Knowing that, Pharisees can’t leave it alone. I wonder if there was some internal competition between groups of Pharisees to see where Jesus’ weakness lay. But they keep repeating their testing. This is the third time Jesus heals on the Sabbath (Luke 6 and 13 are the previous ones). Jesus has answered questions from the Pharisees about “work on the Sabbath” in Luke 4. You’d think by now Jesus’ position on the Sabbath was pretty clear. But no, not to this group, and so we have with this group another example of why it’s dangerous to have Jesus over for a meal (see my previous blog entries “Giving = Sanctifying” and “Lawyer Drawing Fire“). This is the quintessential example of Jesus as a dangerous dinner guest. All the elements are here in verses 1 through 24.

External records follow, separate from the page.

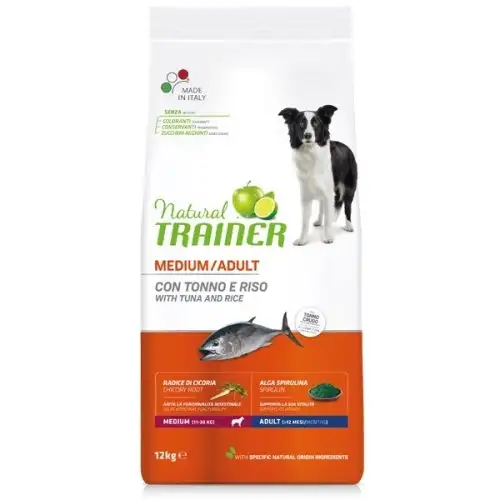 ENTRAÎNEUR NAT ME/A PE/RI/ALG12KG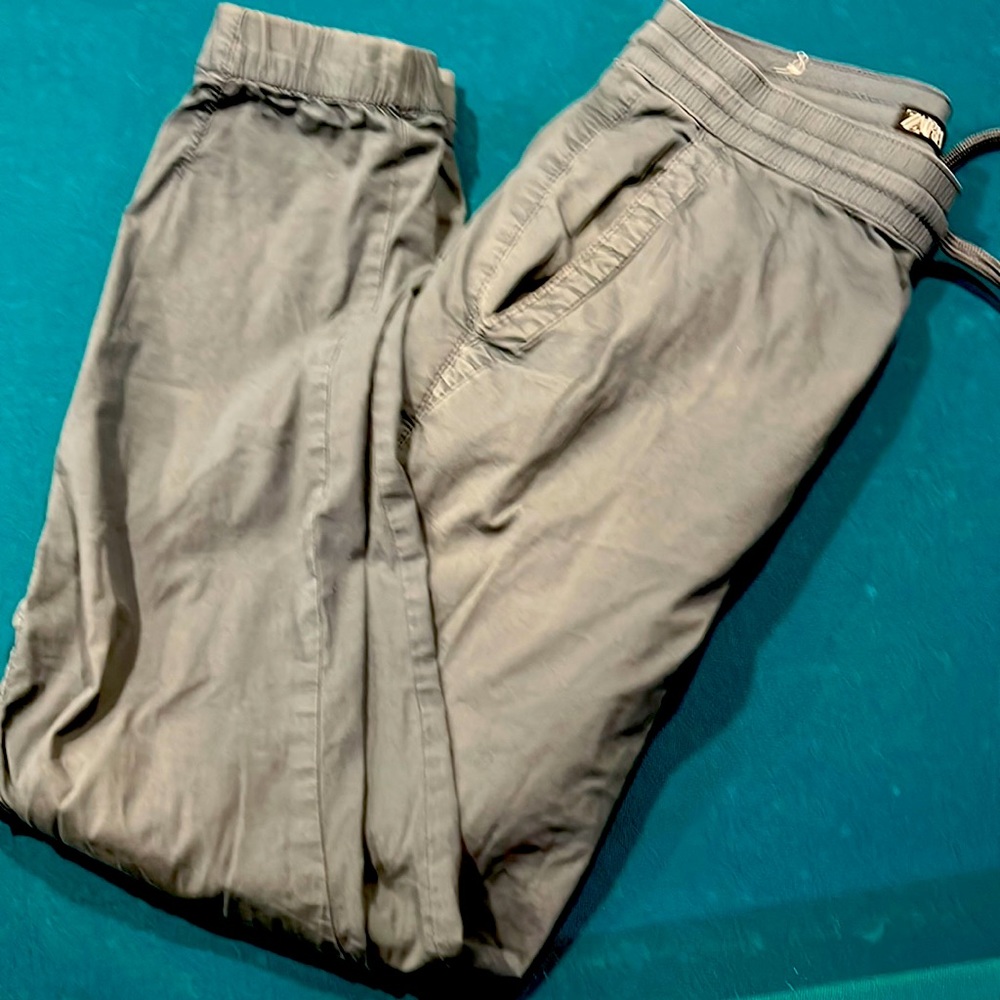 Men’s Zara joggers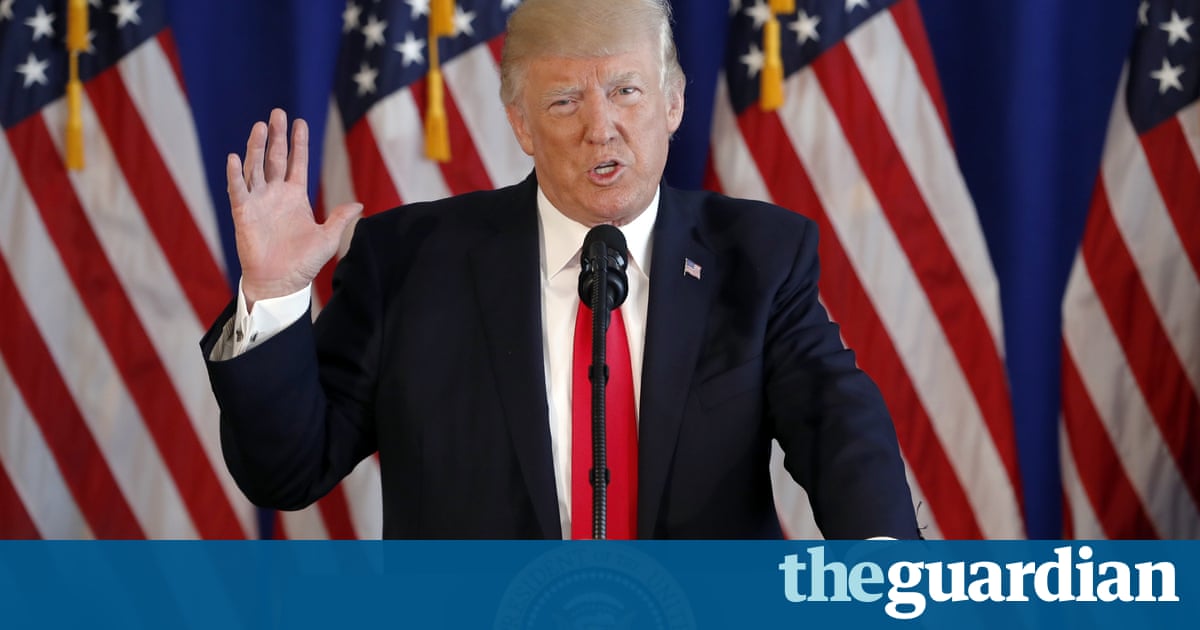 Trump condemns 'violence on many sides' after car hits Charlottesville counter-protesters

But Luke words this rather interestingly. The scene is set, an invitation, a host, a “man-test”, and Jesus answers. Luke is specific, Jesus answers when He asks His question of His host and other guests. Think that through. Jesus saw the scene as begging a question, He saw it as the test it was, the setup, the trap. So He asks the question, in a sense “addressing the elephant in the room”. But what He asks is the surface question, the one we would expect Him to be asked. So, if the man before Him with the swollen limbs is a question Jesus answers, and the answer is the question the presence of the man seems to beg, then what is Jesus answering? Or is it as simple as Jesus simply stating out loud the mute question before Him, He really is “addressing the elephant” everyone else sees but doesn’t acknowledge? I don’t think so.
What other questions could the man represent? He could represent, “Will you follow our pattern of practice?” He could represent the question, “Who are you?” He could represent the question, “Will you play our game?” But I think the more likely question answered by the man before Jesus was, “Why did you invite me here?” The man made clear that the invitation was not a peaceful gesture, but an aggressive one. The presence of the man was a challenge to Who Jesus was, His role, His validity, His right to teach and lead people, and so on. I doubt by this time the Pharisees were in doubt about what Jesus stood for, where He stood on various issues, or His interpretations of Scripture. The man represented a trap, and as soon as Jesus arrived He understood the question, a challenge to Him.
“And Jesus answered and said,” Jesus did deal with the unspoken reason for His invitation, not just the man with a disease. He entered into the ambush, now knowing why He was invited, and proceeded to dismantle His opponents. He began by showing them the error of their assumptions about the Sabbath.
The reason I think this is important is that it begs the question from us, “Why do we go to Jesus?” Why do we? What do we hope to gain? I assure you that whatever that is, however you answer that question, all you do is provide the starting point for Jesus, and it will also be the departure point for where He will take you. It’s at that point that we have a decision to make: Continue to eat with Jesus or find a new dinner companion. I can tell you that other companions are a lot easier to deal with, nicer, less challenging, and often a lot more boring. Let’s continue on with this meal. But I warn you it doesn’t get any easier.
What do you learn so far from Jesus as a dinner guest here?